Alexander Grothendieck, 1970

Alexander Grothendieck (28 March 1928 – 13 November 2014) was a German-born French mathematician who became the leading figure in the creation of modern algebraic geometry. His research extended the scope of the field and added elements of commutative algebra, homological algebra, sheaf theory and category theory to its foundations, while his so-called "relative" perspective led to revolutionary advances in many areas of pure mathematics.

Quotes by Grothendieck

  • It is less than four years since cohomological methods (i.e. methods of Homological Algebra) were introduced into Algebraic Geometry in Serre's fundamental paper[11], and it seems certain that they are to overflow the part of mathematics in the coming years, from the foundations up to the most advanced parts. ... [11] Serre, J. P. Faisceaux algébriques cohérents. Ann. Math. (2), 6, 197–278 (1955).
  • The introduction of the digit 0 or the group concept was general nonsense too, and mathematics was more or less stagnating for thousands of years because nobody was around to take such childish steps...
    • R. Brown and T. Porter,Analogy, concepts and methodology, in mathematics, UWB Math Preprint, May 26,2006 Link
  • I can illustrate the ... approach with the ... image of a nut to be opened. The first analogy that came to my mind is of immersing the nut in some softening liquid, and why not simply water? From time to time you rub so the liquid penetrates better, and otherwise you let time pass. The shell becomes more flexible through weeks and months — when the time is ripe, hand pressure is enough, the shell opens like a perfectly ripened avocado! A different image came to me a few weeks ago. The unknown thing to be known appeared to me as some stretch of earth or hard marl, resisting penetration ... the sea advances insensibly in silence, nothing seems to happen, nothing moves, the water is so far off you hardly hear it ... yet finally it surrounds the resistant substance.
    • C. McLarty, The Rising Sea: Grothendieck on simplicity and generality, in J. J. Gray and K.H. Parshall eds., Episodes in the History of Modern Algebra (1800–1950), Amer. Math. Soc., Providence, RI, 2007.Link

Quotes about Grothendieck

  • Alexandre Grothendieck was very different from Weil in the way he approached mathematics: Grothendieck was not just a mathematician who could understand the discipline and prove important results—he was a man who could create mathematics. And he did it alone.
  • No one but Grothendieck could have taken on algebraic geometry in the full generality he adopted and seen it through to success. It required courage, even daring, total self confidence and immense powers of concentration and hard work. Grothendieck was a phenomenon.
  • He really never worked on examples, I only understand things through examples and then gradually make them more abstract. I don’t think it helped Grothendieck in the least to look at an example. He really got control of the situation by thinking of it in absolutely the most abstract possible way. It’s just very strange. That’s the way his mind worked.
    • David Mumford, quoted in Allyn Jackson, "Comme Appelé du Néant— As If Summoned from the Void: The Life of Alexandre Grothendieck" (2004)
  • Weil's new mathematical language, algebraic geometry, had enabled him to articulate subtleties about solutions to equations that hitherto had been impossible. But if there was any hope of extending Weil's ideas to prove the Riemann Hypothesis, it was clear they would need to be developed beyond the foundations he had laid in his prison cell in Rouen. It would be another mathematician from Paris who would bring the bones of Weil's new language to life. The master architect who performed this task was one of the strangest and most revolutionary mathematicians of the twentieth century - Alexandre Grothendieck.

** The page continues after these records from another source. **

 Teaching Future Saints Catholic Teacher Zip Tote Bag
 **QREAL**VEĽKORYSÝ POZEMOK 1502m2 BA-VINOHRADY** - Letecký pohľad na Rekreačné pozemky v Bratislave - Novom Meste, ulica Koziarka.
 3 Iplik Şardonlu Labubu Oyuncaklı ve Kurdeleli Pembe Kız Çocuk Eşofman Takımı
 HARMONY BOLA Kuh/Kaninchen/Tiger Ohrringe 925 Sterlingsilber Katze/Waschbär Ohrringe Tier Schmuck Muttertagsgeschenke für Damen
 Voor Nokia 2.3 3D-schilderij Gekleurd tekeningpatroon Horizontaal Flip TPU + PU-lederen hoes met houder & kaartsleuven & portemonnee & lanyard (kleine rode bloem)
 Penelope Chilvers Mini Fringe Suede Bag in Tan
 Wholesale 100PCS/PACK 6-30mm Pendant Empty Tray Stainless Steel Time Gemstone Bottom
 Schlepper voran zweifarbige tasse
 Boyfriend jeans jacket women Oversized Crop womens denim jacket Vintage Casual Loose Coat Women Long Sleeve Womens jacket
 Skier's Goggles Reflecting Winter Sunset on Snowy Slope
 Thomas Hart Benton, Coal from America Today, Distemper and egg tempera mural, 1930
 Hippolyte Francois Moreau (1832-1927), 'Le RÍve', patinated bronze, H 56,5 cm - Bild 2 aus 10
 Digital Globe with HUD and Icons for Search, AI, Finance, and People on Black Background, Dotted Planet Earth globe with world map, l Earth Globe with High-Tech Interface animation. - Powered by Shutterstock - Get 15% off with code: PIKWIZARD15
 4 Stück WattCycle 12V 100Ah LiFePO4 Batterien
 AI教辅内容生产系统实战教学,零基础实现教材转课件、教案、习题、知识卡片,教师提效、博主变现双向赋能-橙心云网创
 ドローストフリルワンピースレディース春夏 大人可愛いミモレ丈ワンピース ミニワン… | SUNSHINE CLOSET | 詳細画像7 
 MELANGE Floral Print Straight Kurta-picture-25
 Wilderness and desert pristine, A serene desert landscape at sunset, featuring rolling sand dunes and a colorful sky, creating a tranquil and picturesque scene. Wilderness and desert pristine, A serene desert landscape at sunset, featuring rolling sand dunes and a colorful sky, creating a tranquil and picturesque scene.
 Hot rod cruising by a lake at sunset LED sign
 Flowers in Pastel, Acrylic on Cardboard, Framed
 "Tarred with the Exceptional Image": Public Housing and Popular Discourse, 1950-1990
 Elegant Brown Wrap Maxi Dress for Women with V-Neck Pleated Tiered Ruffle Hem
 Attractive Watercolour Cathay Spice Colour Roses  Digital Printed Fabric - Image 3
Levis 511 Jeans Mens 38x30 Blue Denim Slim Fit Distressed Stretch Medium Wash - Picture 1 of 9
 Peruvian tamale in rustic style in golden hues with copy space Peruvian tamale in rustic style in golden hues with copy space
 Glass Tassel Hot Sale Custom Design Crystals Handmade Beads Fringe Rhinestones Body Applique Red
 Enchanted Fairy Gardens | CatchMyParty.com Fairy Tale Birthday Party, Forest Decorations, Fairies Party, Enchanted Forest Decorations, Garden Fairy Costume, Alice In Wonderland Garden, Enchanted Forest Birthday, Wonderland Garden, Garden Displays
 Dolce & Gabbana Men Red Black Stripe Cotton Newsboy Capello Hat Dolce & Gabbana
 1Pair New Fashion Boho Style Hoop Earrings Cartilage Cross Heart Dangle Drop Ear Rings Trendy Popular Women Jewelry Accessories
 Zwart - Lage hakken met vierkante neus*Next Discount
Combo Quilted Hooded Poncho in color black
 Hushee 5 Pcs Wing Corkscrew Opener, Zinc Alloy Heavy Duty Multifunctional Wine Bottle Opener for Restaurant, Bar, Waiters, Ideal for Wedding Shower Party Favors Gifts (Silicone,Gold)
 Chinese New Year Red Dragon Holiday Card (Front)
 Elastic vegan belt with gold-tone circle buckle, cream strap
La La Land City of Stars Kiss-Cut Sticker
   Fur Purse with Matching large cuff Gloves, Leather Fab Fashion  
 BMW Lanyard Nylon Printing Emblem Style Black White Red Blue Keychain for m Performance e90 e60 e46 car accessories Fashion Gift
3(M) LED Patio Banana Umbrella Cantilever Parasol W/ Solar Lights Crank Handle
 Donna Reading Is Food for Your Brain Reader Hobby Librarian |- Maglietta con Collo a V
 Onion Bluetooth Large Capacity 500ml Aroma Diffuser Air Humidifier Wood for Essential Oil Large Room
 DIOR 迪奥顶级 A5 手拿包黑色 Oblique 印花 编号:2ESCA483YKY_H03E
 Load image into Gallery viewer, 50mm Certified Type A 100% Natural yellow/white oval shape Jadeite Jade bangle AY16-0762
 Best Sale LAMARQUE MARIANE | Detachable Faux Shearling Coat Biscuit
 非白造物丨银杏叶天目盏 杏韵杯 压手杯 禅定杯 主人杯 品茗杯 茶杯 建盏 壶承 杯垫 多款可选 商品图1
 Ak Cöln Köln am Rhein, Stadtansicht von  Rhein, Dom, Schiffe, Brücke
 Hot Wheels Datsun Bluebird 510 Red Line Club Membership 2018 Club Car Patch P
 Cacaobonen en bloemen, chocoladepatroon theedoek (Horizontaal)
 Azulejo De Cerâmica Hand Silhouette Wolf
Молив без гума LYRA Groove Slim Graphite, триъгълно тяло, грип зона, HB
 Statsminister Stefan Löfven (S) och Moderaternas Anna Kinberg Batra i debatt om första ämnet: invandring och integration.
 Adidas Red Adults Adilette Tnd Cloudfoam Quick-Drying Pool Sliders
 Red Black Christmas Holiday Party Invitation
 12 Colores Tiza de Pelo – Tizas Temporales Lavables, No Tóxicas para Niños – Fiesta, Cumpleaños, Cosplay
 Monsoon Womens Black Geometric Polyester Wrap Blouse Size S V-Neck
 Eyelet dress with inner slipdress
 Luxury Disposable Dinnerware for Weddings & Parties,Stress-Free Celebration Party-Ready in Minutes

A country of which nothing is known but the name Grothendieck and "motives"

  • In Récoltes et Semailles, Grothendieck counts his twelve disciples. The central character is Pierre Deligne, who combines in this tale the features of John, "the disciple whom Jesus loved”", and Judas the betrayer. The weight of symbols!
  • Jean Dieudonné and Laurent Schwartz were able to discipline Grothendieck just enough to prevent him from running off in all directions, and to restrain his excessive attraction to extreme generality.
  • Grothendieck’s undertaking throve thanks to unexpected synergies: the immense capacity for synthesis and for work of Dieudonné, promoted to the rank of scribe, the rigorous, rationalist and well-informed spirit of Serre, the practical know-how in geometry and algebra of Zariski’s students, the juvenile freshness of the great disciple Pierre Deligne, all acted as counterweights to the adventurous, visionary and wildly ambitious spirit of Grothendieck.

Conversations

Drinfeld: Do you know what Grothendieck’s favorite books were? You mentioned his favorite music…
Illusie: I don’t remember. I think he didn’t read much. There are only twenty-four hours in a day…
Illusie: In retrospect, I find it strange that representation theory and automorphic forms theory were progressing well in the 1960s but somehow ignored in Bures-sur-Yvette. Grothendieck knew algebraic groups quite well.
Bloch: Well, as you said, there are only twenty-four hours in a day.